* _Work request_: Below are records to repeat exactly; do not include any pictures.

▬▬▬▬▬▬

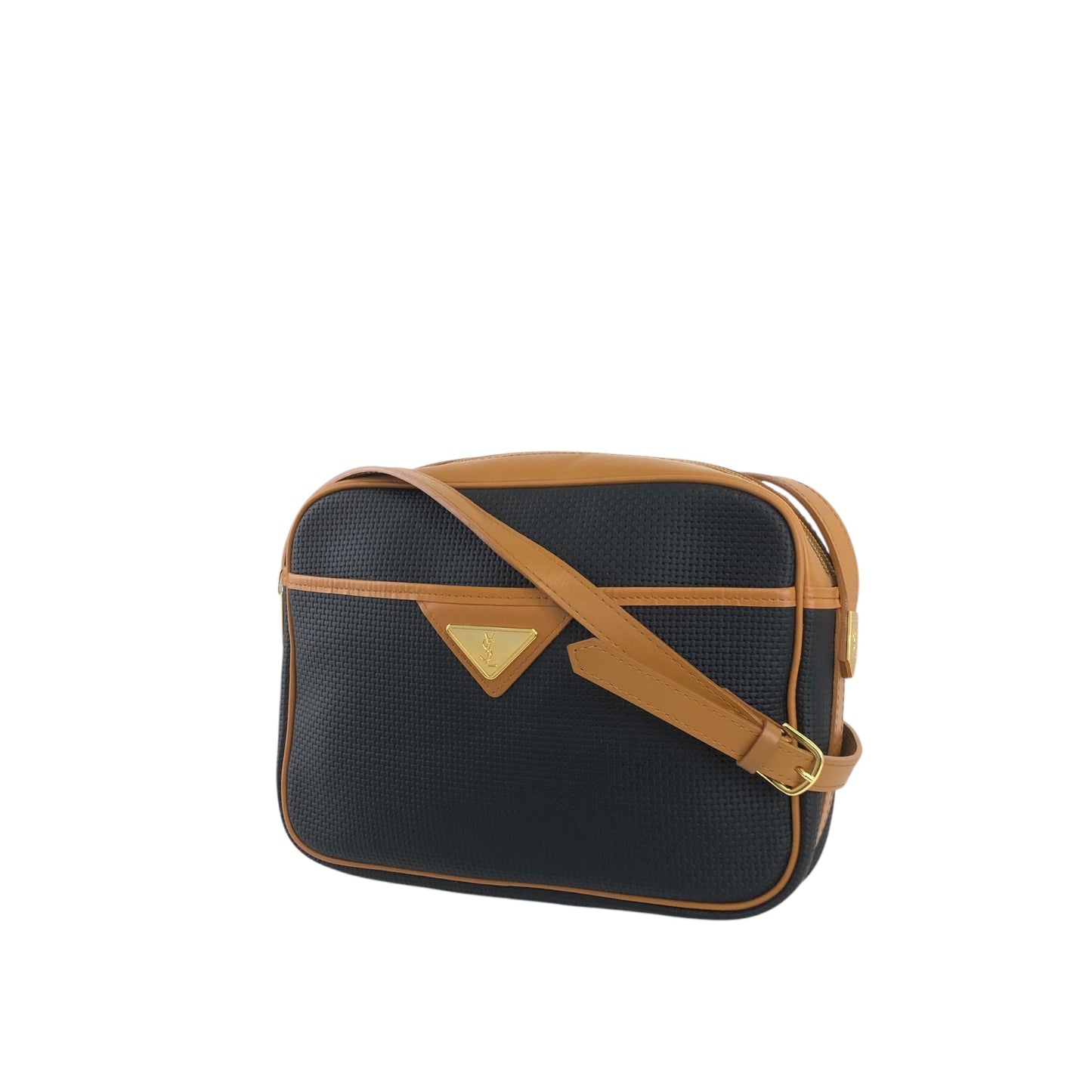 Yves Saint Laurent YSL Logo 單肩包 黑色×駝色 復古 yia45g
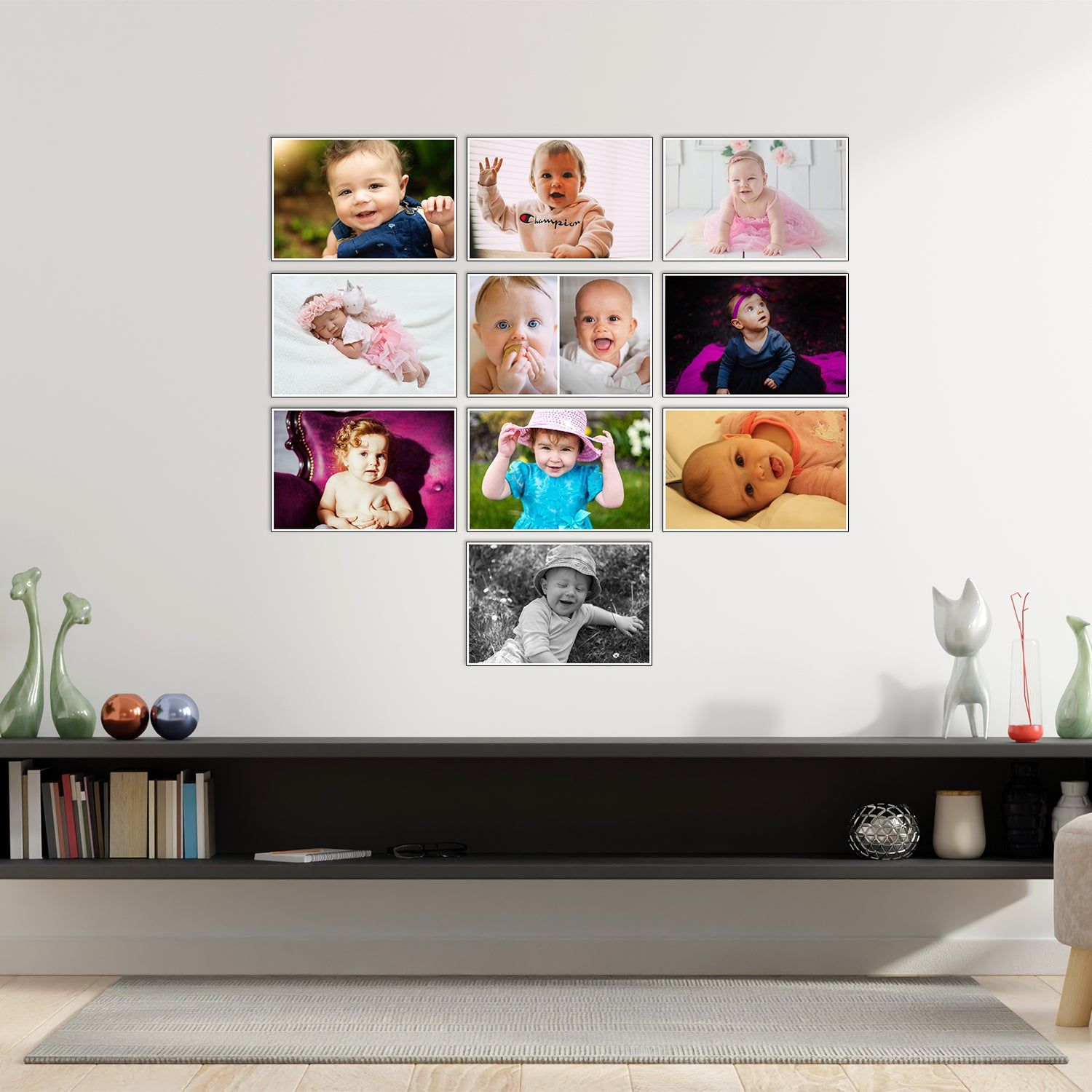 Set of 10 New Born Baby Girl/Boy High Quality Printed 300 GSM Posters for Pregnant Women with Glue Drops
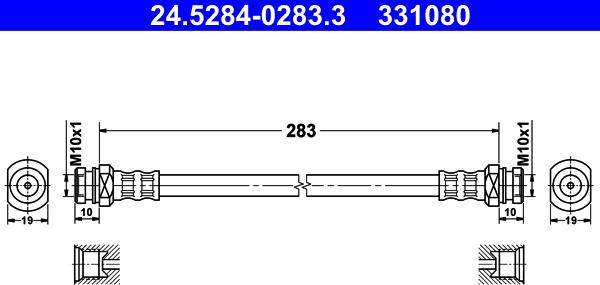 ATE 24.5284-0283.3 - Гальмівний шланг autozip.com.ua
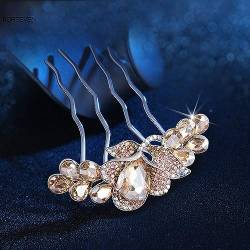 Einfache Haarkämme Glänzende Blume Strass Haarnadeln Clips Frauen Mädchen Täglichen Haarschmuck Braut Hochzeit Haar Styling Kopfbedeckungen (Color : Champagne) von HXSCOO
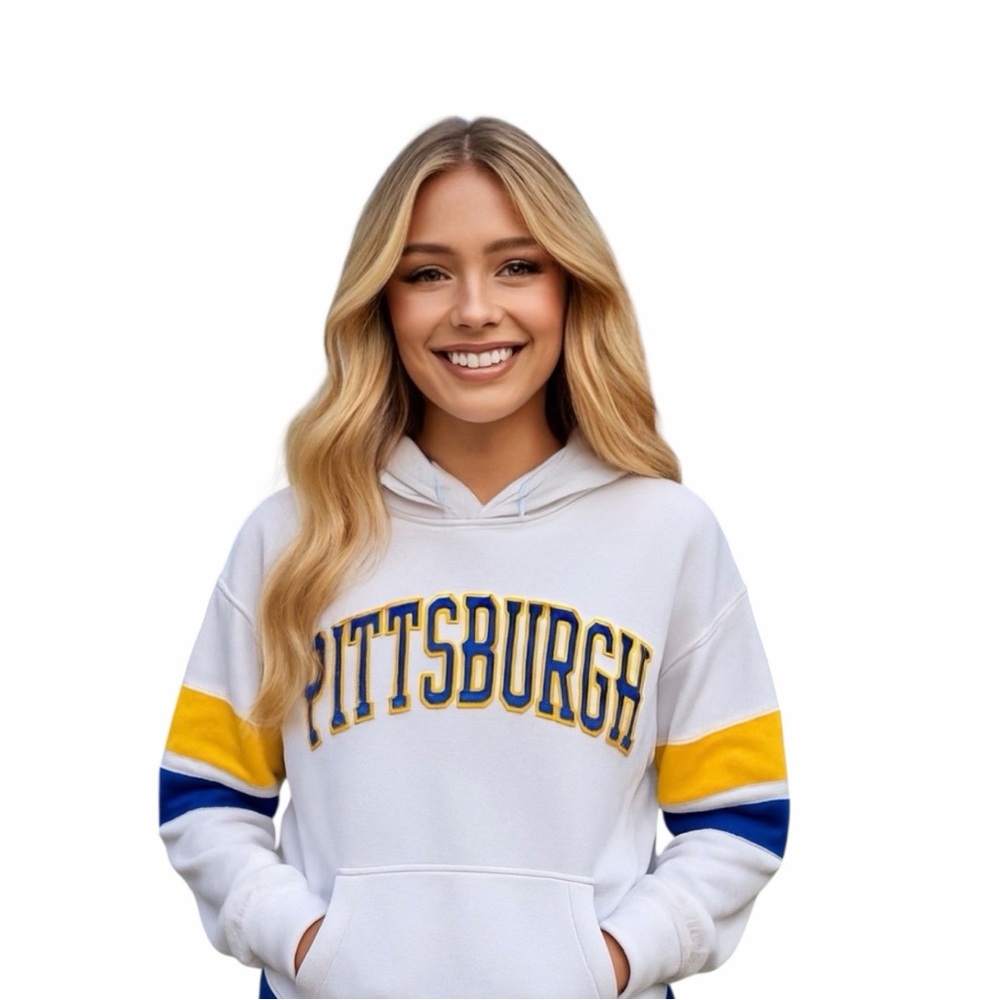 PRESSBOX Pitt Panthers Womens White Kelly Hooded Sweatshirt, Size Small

▬▬▬▬▬▬

* _Response to the exercise_:
 Yves Saint Laurent YSL Logo 單肩包 黑色×駝色 復古 yia45g
 Set of 10 New Born Baby Girl/Boy High Quality Printed 300 GSM Posters for Pregnant Women with Glue Drops
 ATE 24.5284-0283.3 - Гальмівний шланг autozip.com.ua
 Einfache Haarkämme Glänzende Blume Strass Haarnadeln Clips Frauen Mädchen Täglichen Haarschmuck Braut Hochzeit Haar Styling Kopfbedeckungen (Color : Champagne) von HXSCOO
 PRESSBOX Pitt Panthers Womens White Kelly Hooded Sweatshirt, Size Small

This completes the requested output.